Image-text web data:
== Segment start ==

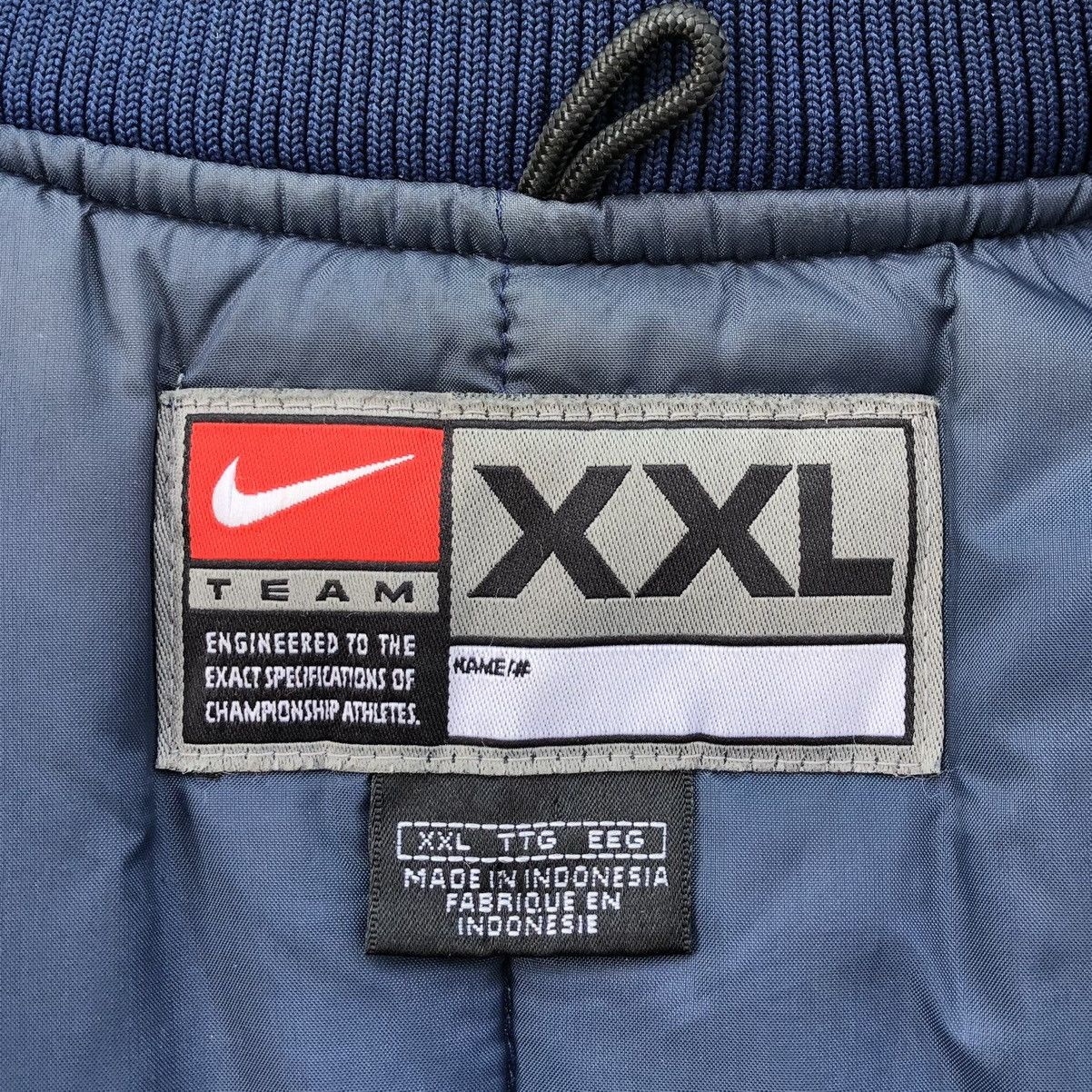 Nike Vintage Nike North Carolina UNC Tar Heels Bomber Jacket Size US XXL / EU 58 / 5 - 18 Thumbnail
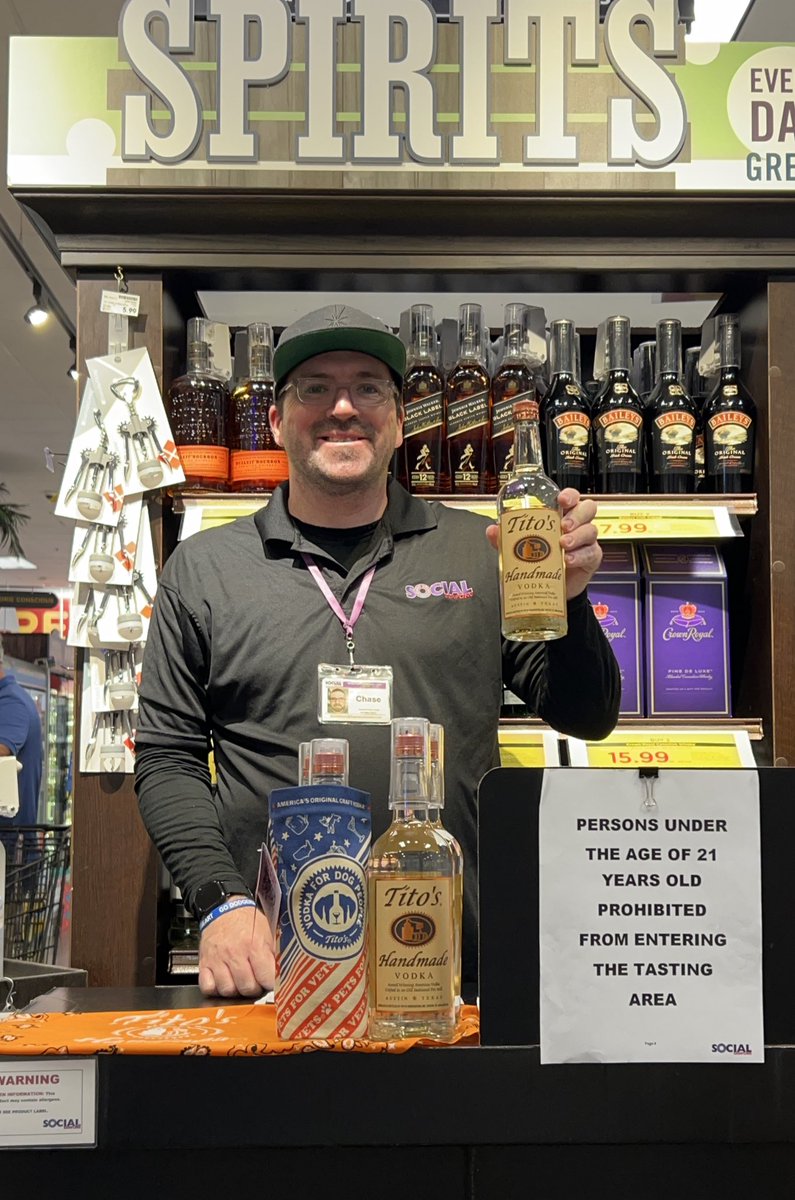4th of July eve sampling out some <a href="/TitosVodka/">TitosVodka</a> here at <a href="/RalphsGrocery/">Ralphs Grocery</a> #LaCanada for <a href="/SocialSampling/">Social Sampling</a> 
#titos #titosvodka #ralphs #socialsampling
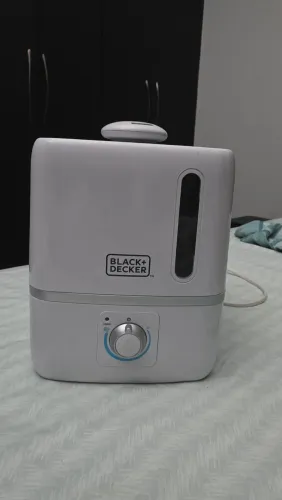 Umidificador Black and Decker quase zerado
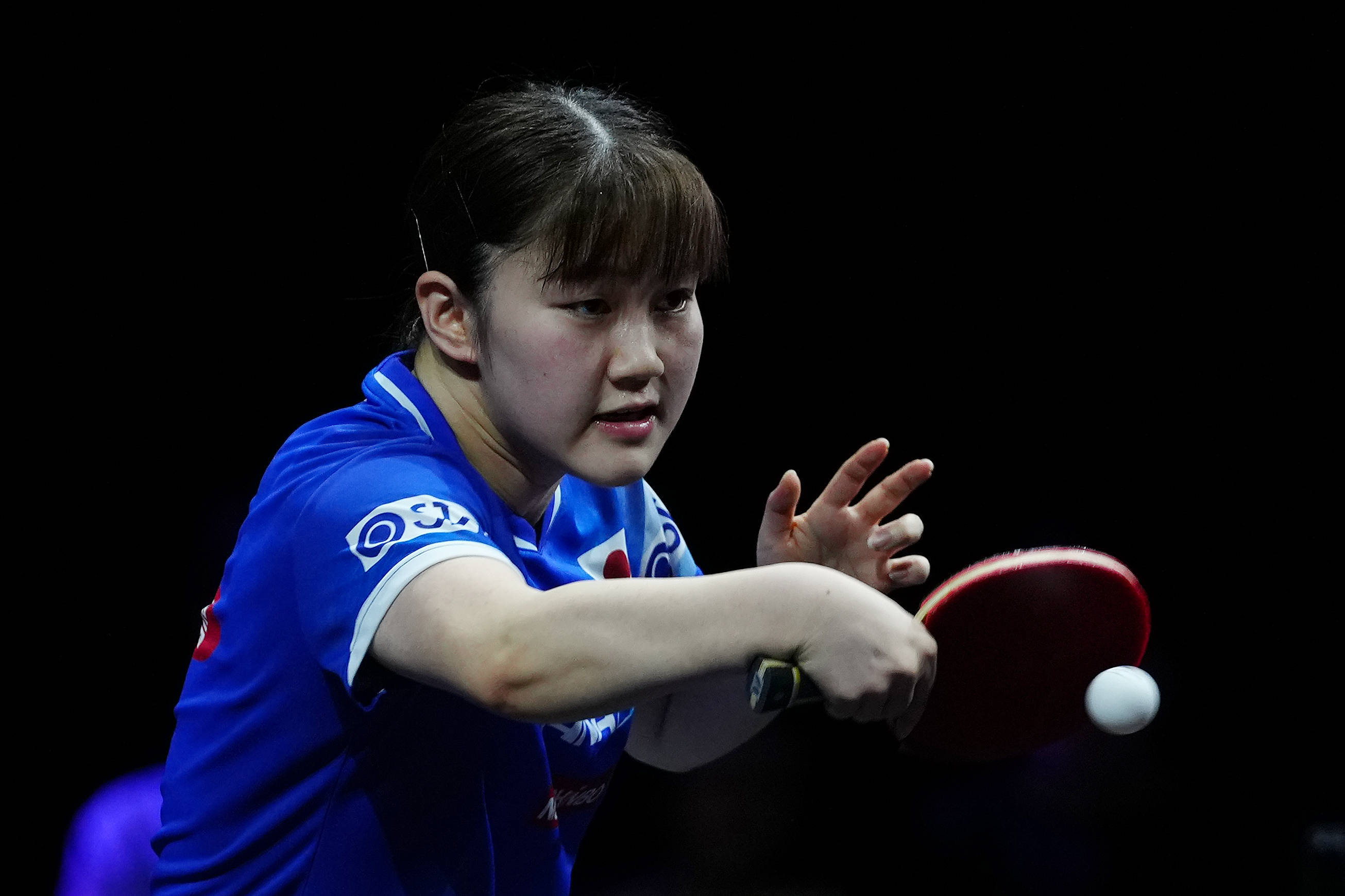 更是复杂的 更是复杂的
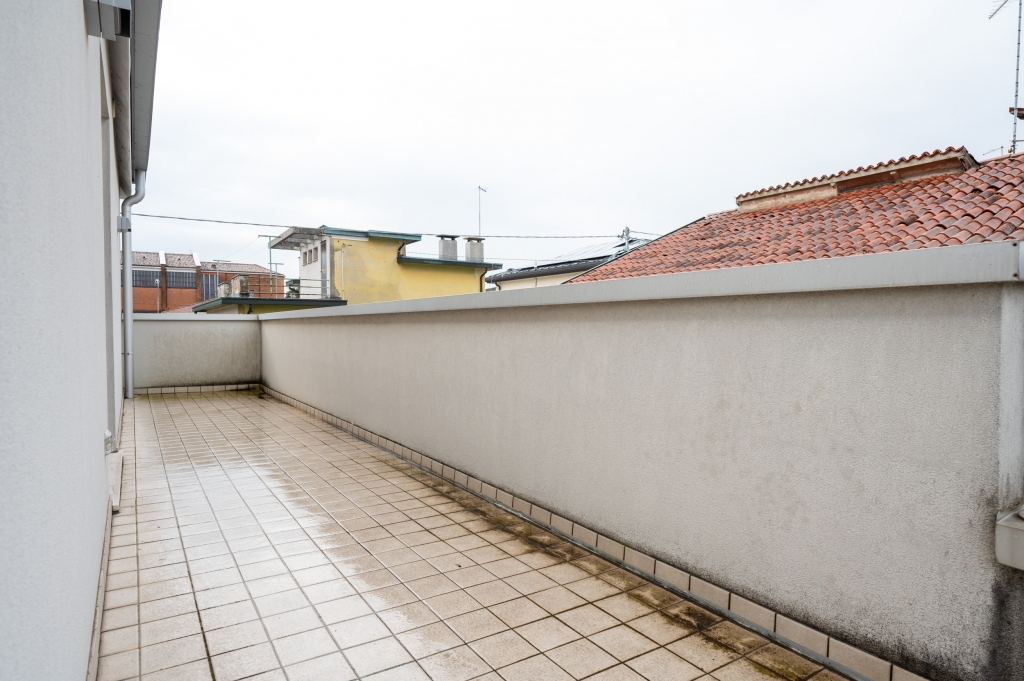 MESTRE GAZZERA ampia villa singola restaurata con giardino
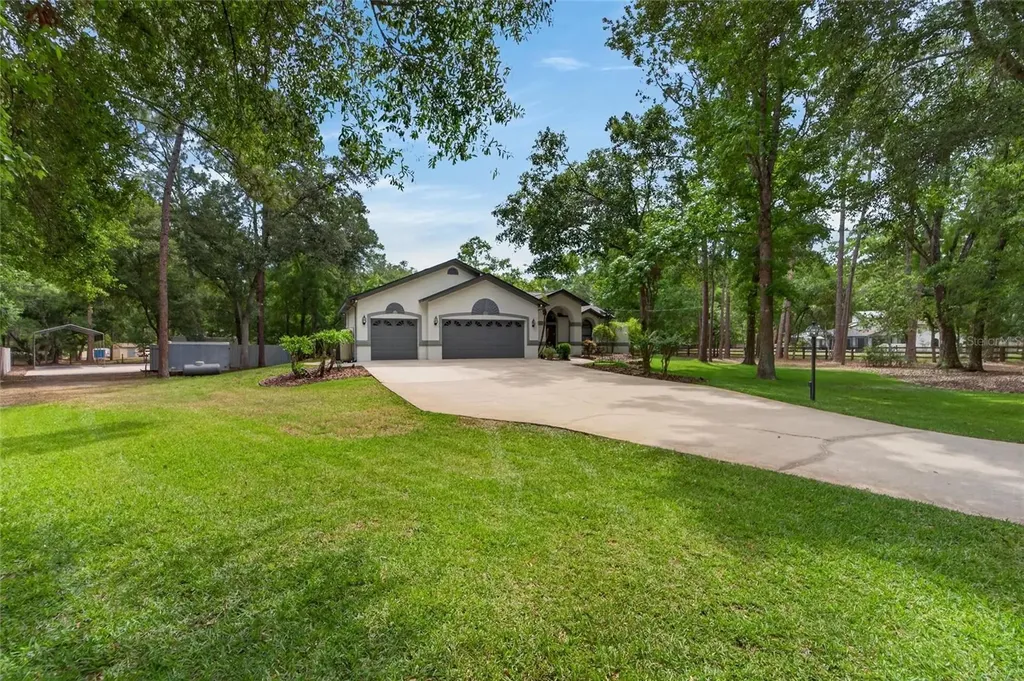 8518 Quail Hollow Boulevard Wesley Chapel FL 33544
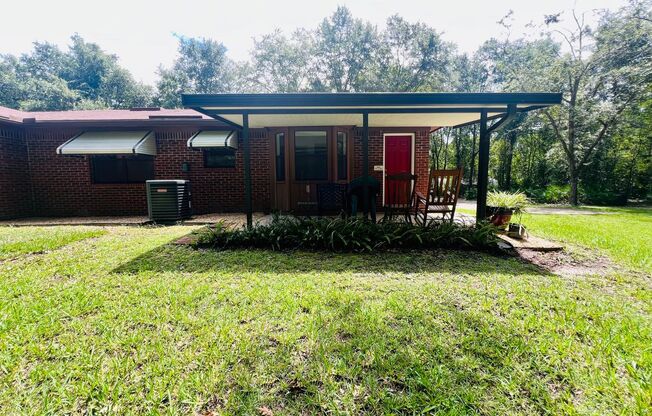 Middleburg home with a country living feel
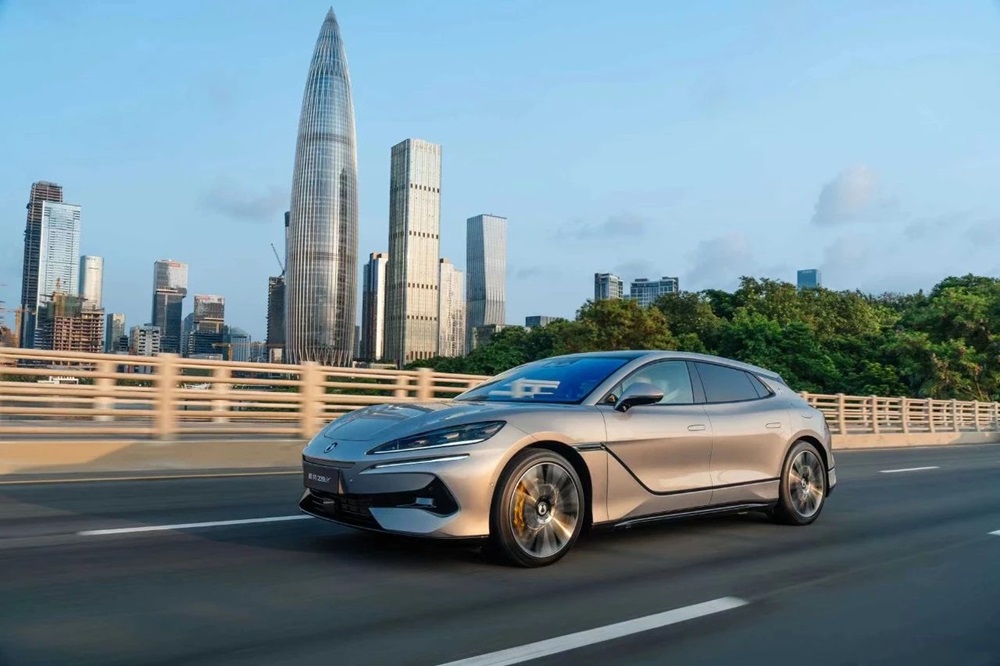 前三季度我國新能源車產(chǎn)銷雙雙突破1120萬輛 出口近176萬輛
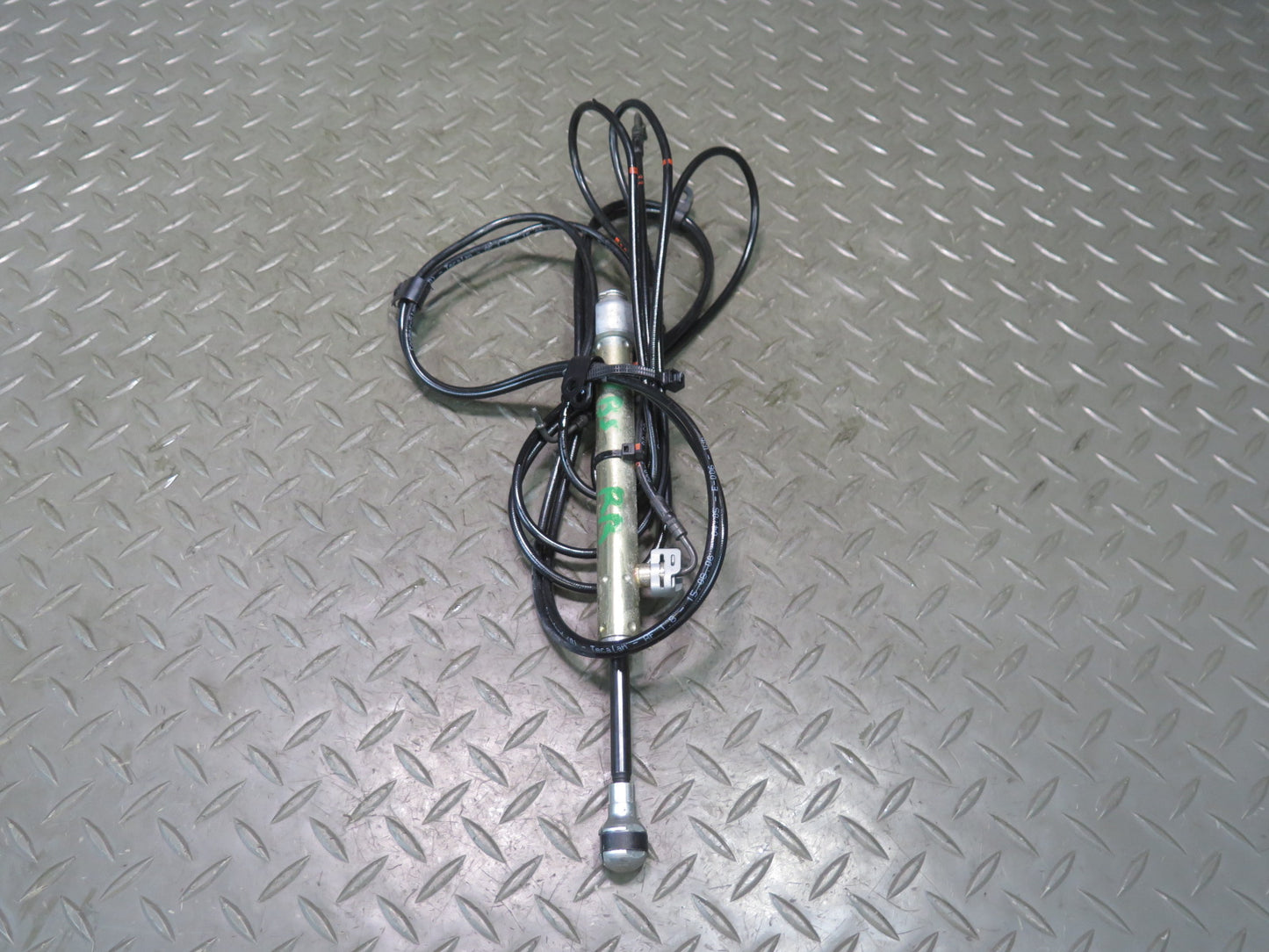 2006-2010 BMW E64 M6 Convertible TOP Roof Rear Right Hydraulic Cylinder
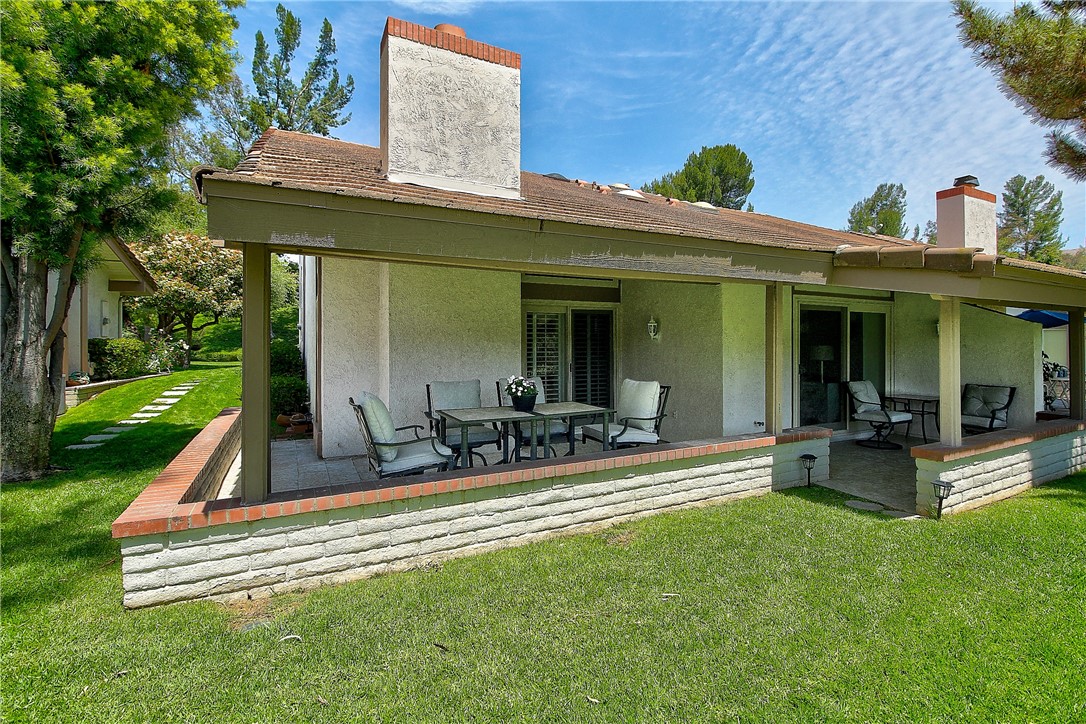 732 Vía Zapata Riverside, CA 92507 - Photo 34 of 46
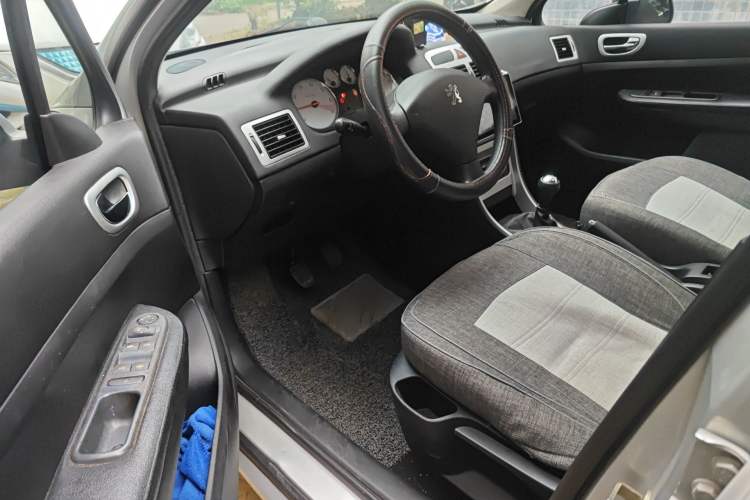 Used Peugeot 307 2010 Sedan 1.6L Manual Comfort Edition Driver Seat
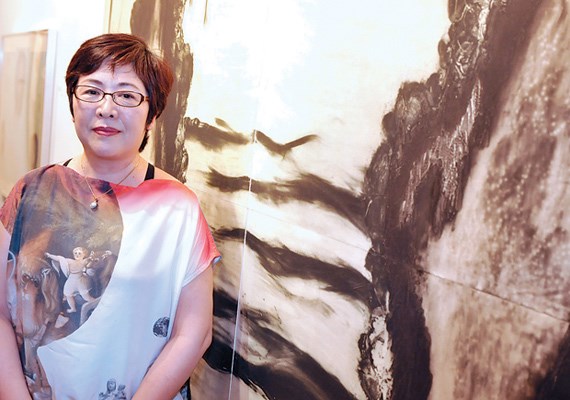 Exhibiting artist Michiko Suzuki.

== Segment end ==

§ Your task: Transcribe all of the data above verbatim but omit every picture.

§ Solution for this problem:
 Nike Vintage Nike North Carolina UNC Tar Heels Bomber Jacket Size US XXL / EU 58 / 5 - 18 Thumbnail
4th of July eve sampling out some <a href="/TitosVodka/">TitosVodka</a> here at <a href="/RalphsGrocery/">Ralphs Grocery</a> #LaCanada for <a href="/SocialSampling/">Social Sampling</a> 
#titos #titosvodka #ralphs #socialsampling
 Umidificador Black and Decker quase zerado
 更是复杂的 更是复杂的
 MESTRE GAZZERA ampia villa singola restaurata con giardino
 8518 Quail Hollow Boulevard Wesley Chapel FL 33544
 Middleburg home with a country living feel
 前三季度我國新能源車產(chǎn)銷雙雙突破1120萬輛 出口近176萬輛
 2006-2010 BMW E64 M6 Convertible TOP Roof Rear Right Hydraulic Cylinder
 732 Vía Zapata Riverside, CA 92507 - Photo 34 of 46
 Used Peugeot 307 2010 Sedan 1.6L Manual Comfort Edition Driver Seat
 Exhibiting artist Michiko Suzuki.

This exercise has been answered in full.